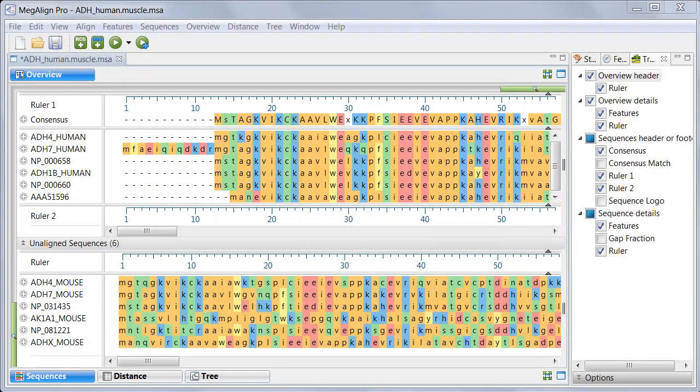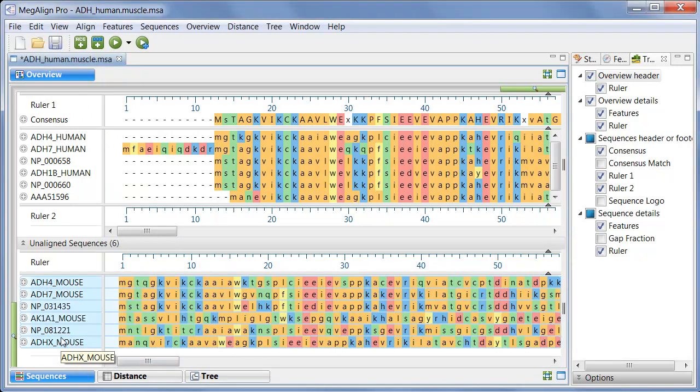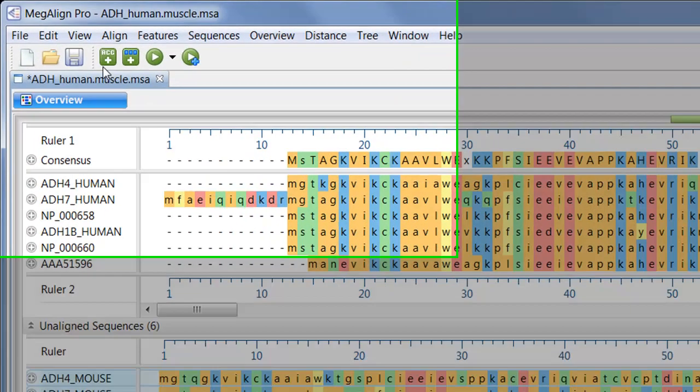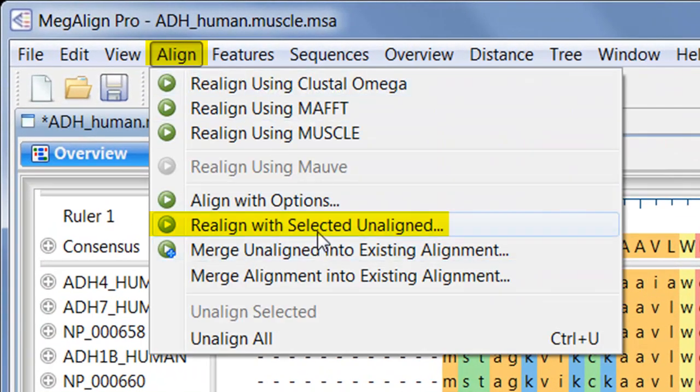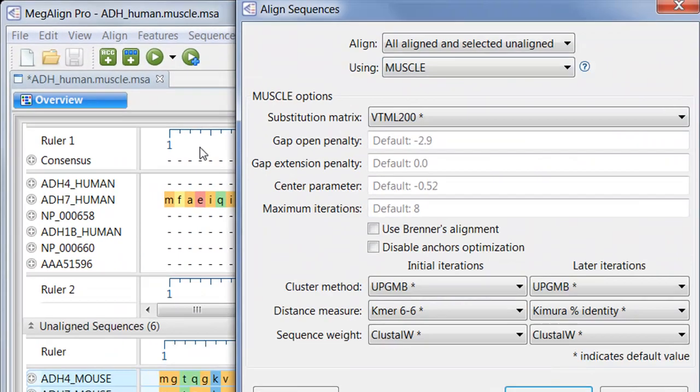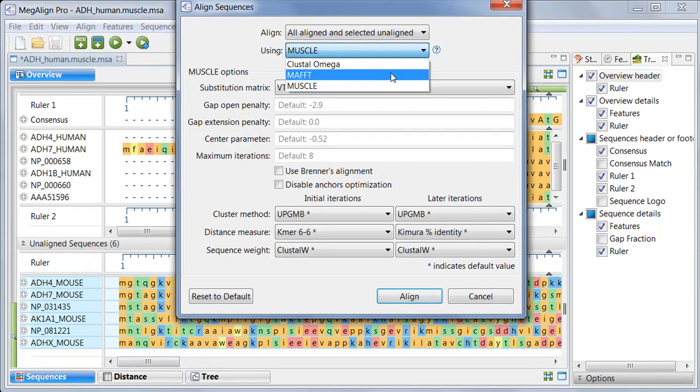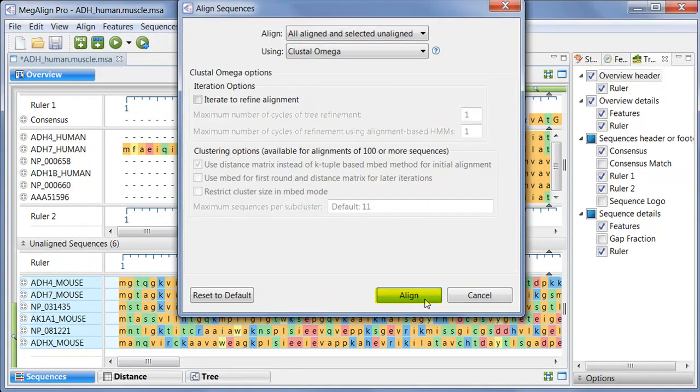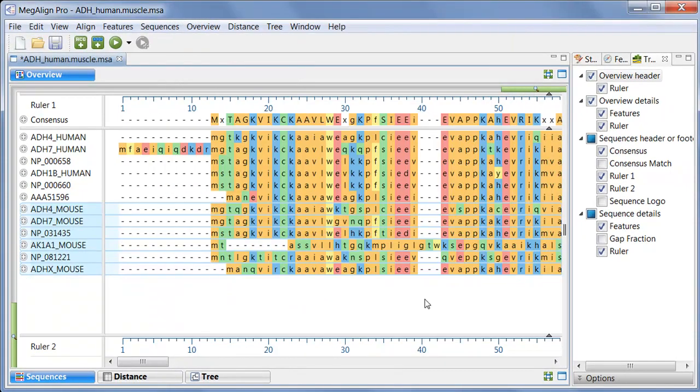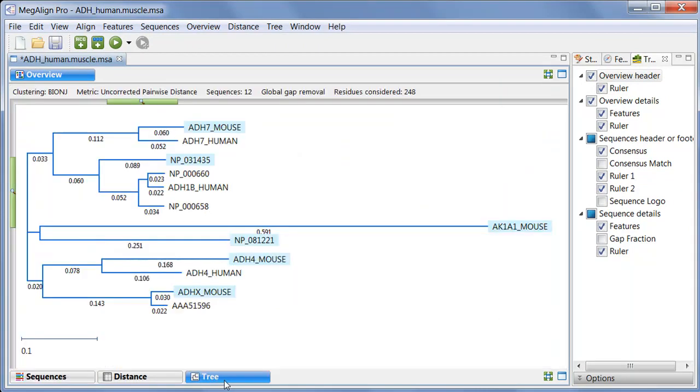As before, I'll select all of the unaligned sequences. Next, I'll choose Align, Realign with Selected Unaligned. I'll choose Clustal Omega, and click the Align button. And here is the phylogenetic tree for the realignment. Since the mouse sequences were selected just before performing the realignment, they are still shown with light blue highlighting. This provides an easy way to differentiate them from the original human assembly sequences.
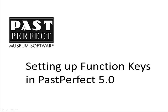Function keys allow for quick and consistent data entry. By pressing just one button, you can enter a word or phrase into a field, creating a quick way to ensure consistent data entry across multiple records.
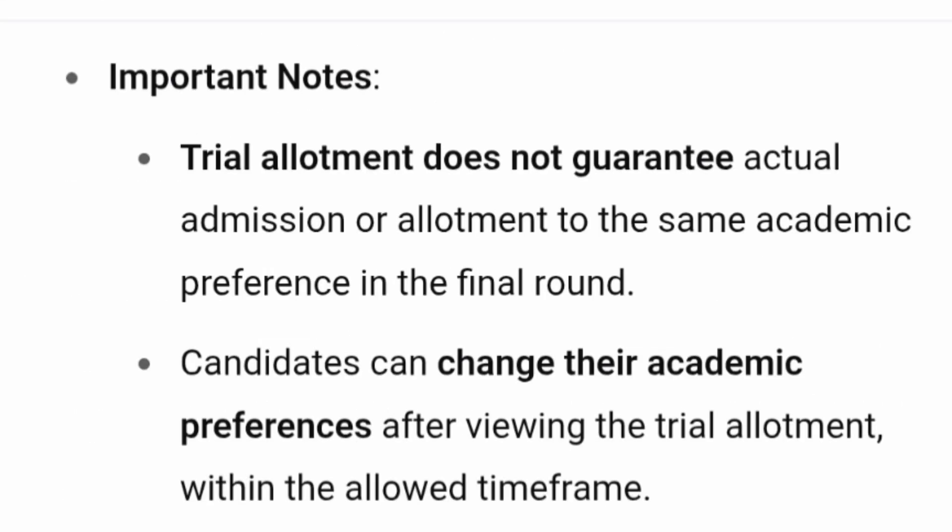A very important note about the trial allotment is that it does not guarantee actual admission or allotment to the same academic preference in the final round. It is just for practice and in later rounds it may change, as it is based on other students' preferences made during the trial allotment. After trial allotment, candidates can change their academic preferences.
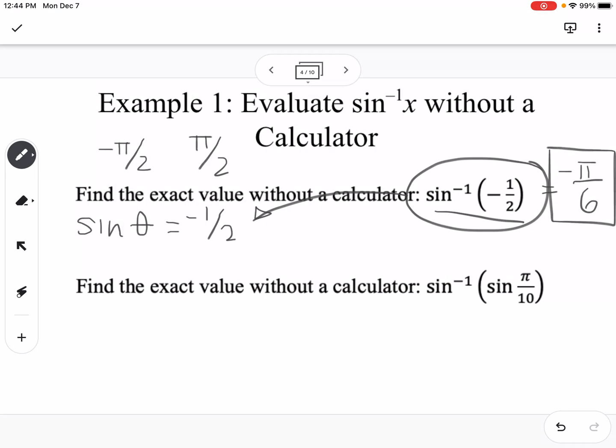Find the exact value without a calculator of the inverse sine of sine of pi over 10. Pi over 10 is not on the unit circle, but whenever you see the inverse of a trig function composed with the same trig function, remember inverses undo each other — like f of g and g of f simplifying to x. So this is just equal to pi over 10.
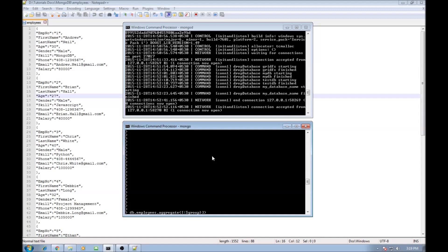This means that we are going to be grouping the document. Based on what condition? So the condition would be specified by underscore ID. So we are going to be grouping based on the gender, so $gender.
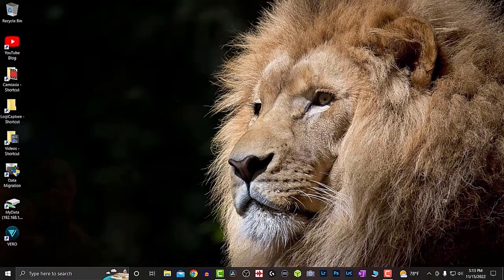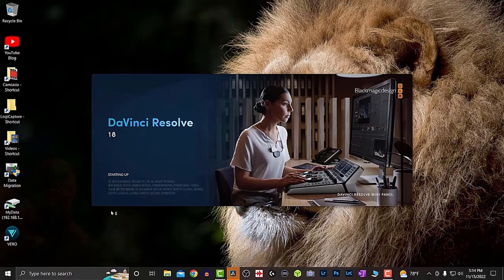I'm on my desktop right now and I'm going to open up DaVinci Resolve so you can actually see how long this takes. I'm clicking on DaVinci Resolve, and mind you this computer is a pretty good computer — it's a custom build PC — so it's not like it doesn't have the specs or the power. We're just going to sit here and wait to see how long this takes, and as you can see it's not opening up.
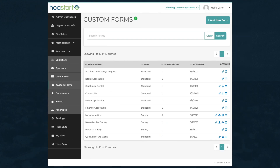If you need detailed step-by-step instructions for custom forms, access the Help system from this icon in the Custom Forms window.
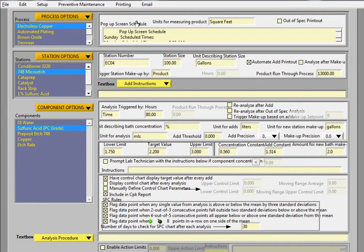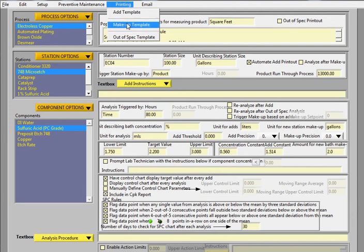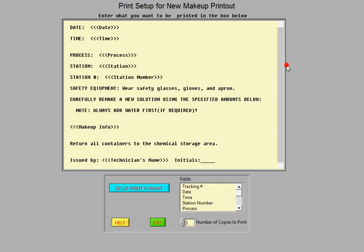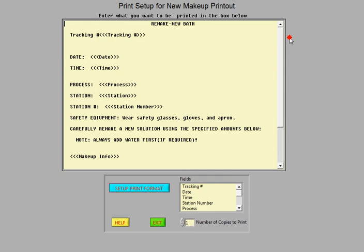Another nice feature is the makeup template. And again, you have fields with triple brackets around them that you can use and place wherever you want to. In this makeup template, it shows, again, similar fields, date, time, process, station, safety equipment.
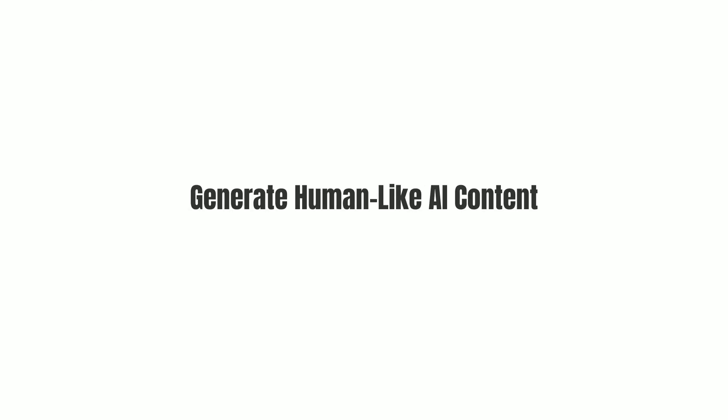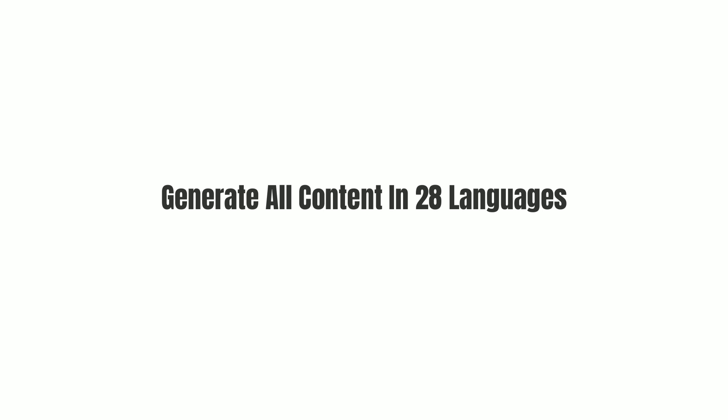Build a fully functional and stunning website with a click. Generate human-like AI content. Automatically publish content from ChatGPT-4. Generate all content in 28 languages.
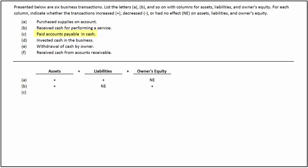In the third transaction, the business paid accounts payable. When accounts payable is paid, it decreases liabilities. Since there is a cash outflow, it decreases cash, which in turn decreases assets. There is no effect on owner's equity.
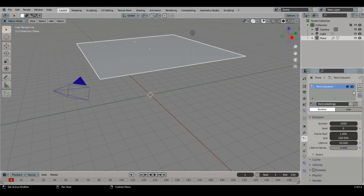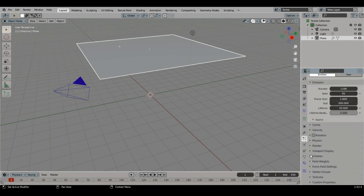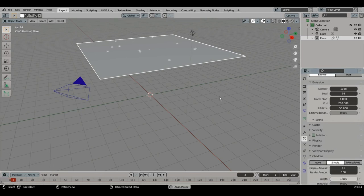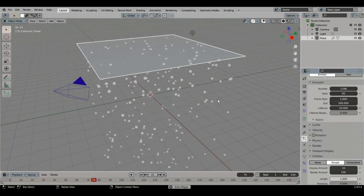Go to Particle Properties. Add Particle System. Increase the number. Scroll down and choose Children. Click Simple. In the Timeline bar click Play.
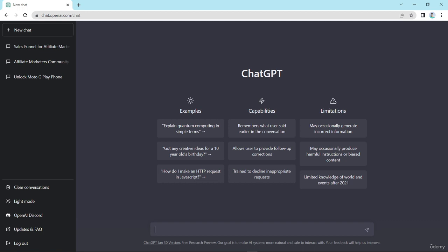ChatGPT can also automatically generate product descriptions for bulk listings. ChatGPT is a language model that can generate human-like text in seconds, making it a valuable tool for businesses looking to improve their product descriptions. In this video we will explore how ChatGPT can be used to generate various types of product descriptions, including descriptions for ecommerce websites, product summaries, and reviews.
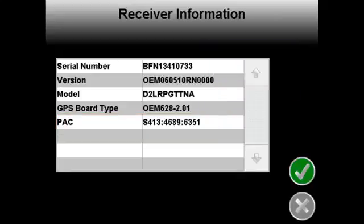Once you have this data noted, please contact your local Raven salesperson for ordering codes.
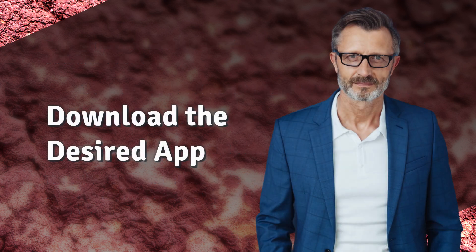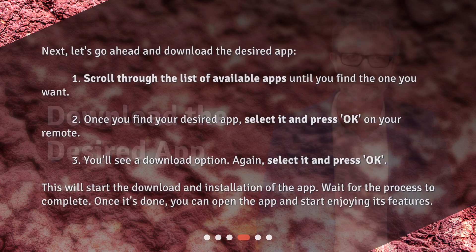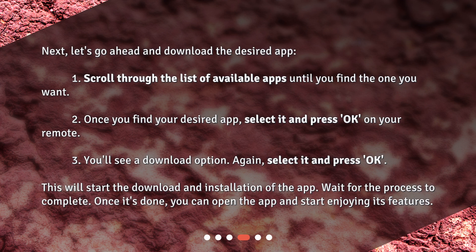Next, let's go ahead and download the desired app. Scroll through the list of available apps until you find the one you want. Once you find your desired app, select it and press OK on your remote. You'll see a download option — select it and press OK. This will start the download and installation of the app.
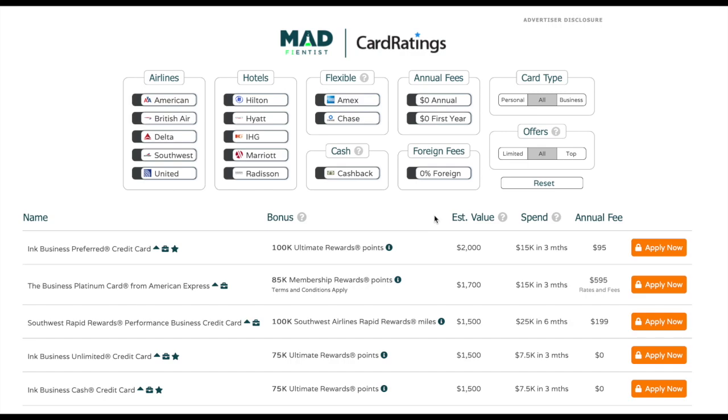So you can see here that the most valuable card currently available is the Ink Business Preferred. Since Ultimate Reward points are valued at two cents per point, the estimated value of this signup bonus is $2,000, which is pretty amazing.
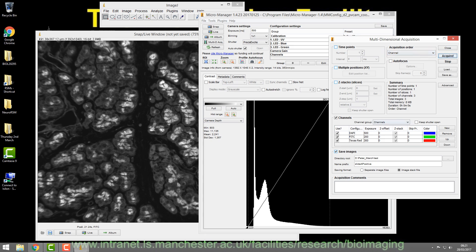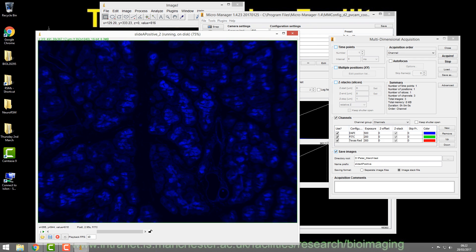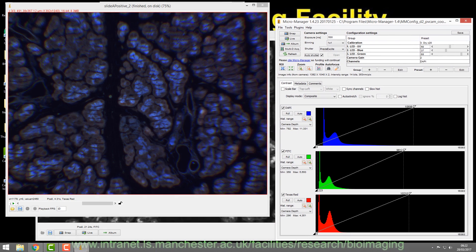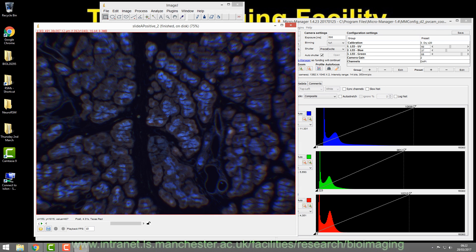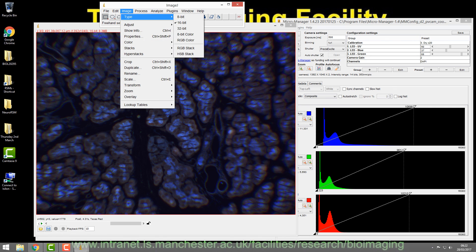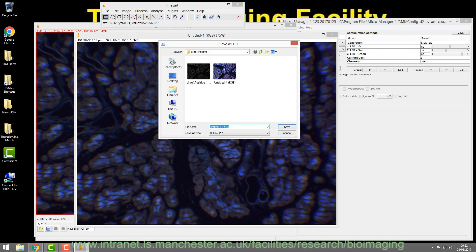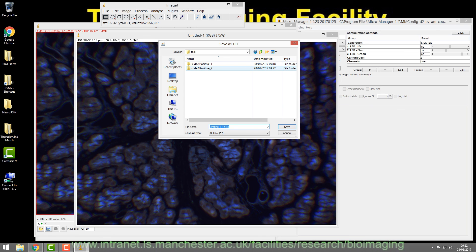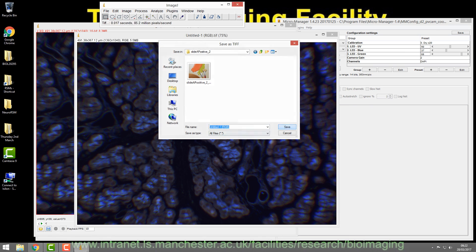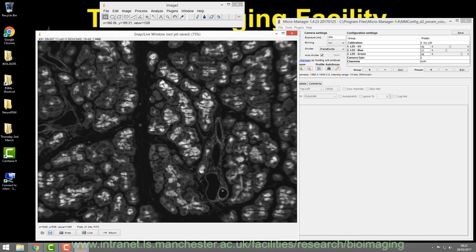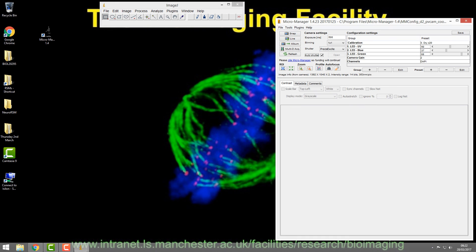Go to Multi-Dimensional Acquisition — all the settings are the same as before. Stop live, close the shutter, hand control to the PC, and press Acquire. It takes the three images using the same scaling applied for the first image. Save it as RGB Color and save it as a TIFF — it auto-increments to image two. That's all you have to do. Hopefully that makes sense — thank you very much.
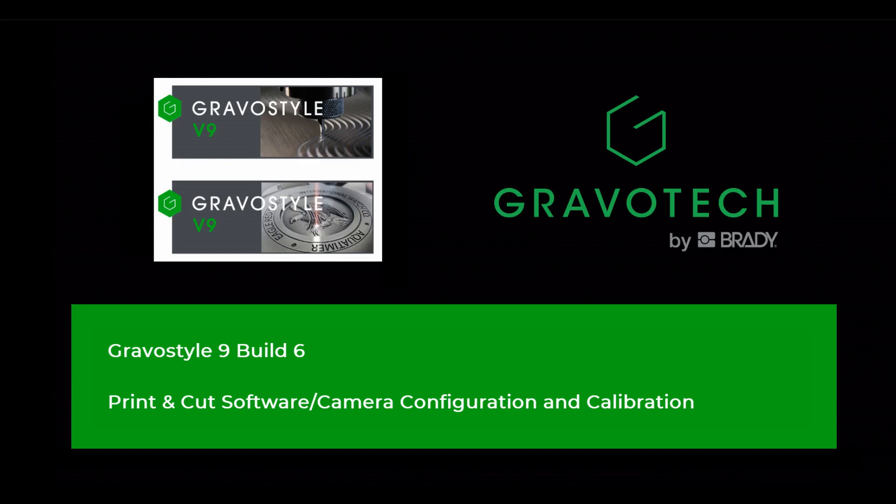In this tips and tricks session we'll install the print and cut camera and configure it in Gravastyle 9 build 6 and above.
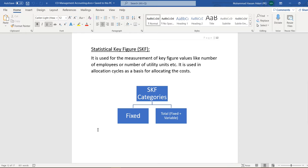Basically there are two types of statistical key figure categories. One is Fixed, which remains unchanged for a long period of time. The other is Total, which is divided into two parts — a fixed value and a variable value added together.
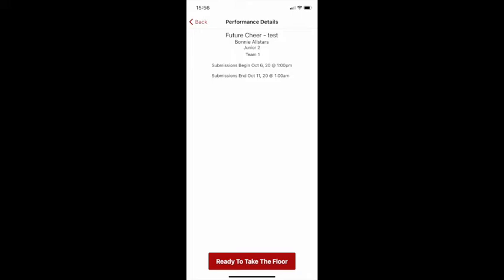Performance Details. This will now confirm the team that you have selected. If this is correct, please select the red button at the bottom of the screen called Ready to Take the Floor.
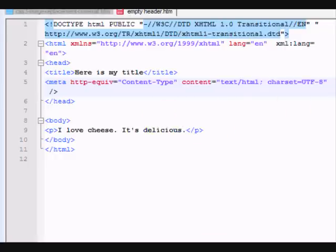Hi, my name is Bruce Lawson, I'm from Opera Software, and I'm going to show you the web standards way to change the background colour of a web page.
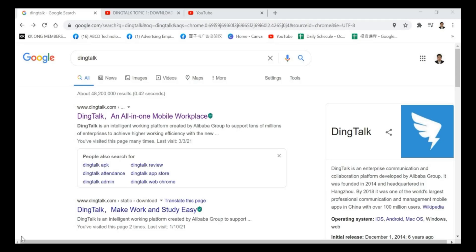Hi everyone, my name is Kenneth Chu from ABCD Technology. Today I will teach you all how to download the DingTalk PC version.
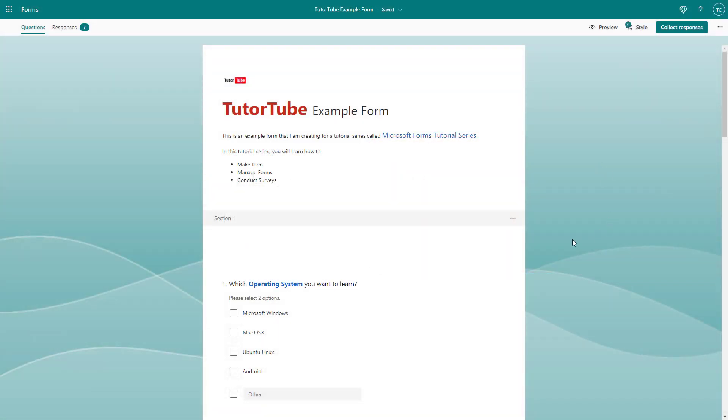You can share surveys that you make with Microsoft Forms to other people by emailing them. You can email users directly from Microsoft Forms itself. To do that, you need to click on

—————

*ACTION ITEM:* Print once more, exactly, the lines that start at the top of the records above and end at the line with "Function keys allow", skipping all pictures.

*YOUR RESPONSE:*
As before, I'll select all of the unaligned sequences. Next, I'll choose Align, Realign with Selected Unaligned. I'll choose Clustal Omega, and click the Align button. And here is the phylogenetic tree for the realignment. Since the mouse sequences were selected just before performing the realignment, they are still shown with light blue highlighting. This provides an easy way to differentiate them from the original human assembly sequences.
Function keys allow for quick and consistent data entry. By pressing just one button, you can enter a word or phrase into a field, creating a quick way to ensure consistent data entry across multiple records.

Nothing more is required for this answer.